22 de Novembro de 2024

Pátria dos direitos humanos? A expulsão em massa de sem-teto das ruas de Paris antes dos Jogos Olímpicos


O presidente francês, Emmanuel Macron, prometeu que os Jogos Olímpicos de Paris colocariam em destaque a grandiosidade da França.

Mas a "pátria dos direitos humanos" — como o país é conhecido por ter feito a primeira declaração nesse tema durante a Revolução Francesa — também expulsou milhares de moradores de rua para “embelezar” a cidade, como ocorreu em Olimpíadas em outros países, criticam associações.

"As autoridades fizeram a promessa de que um dos legados dos Jogos de Paris seria o de uma sociedade mais inclusiva. Mas Paris não será uma exceção na tendência de esconder os pobres nas Olimpíadas”, disse à BBC News Brasil Théodore Malgrain, porta-voz da ONG O Reverso da Medalha, que reúne uma centena de associações que atuam na área de assistência social.

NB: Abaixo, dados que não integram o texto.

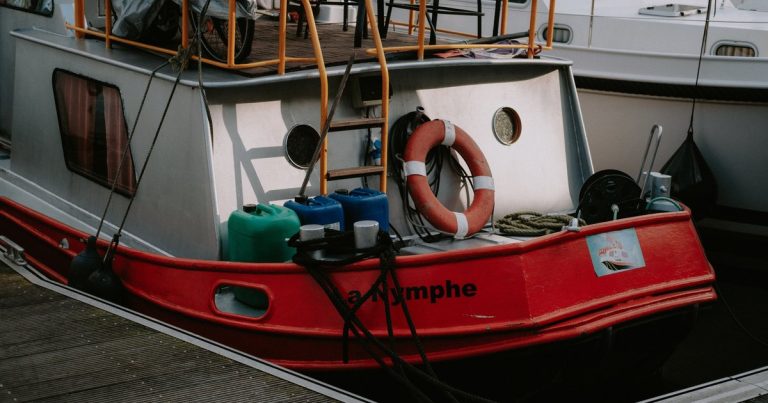 Een kleurrijke woonboot afgemeerd in een jachthaven, met reddingsboei aan dek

Para a Olimpíada de Paris, segundo a ONG, mais de 12,5 mil pessoas, sobretudo na capital francesa e na Seine-Saint-Denis, região ao norte de Paris onde fica a Vila Olímpica, o centro aquático e outros locais de competição, como o Stade de France, onde haverá provas de atletismo. As remoções foram alvos de protestos.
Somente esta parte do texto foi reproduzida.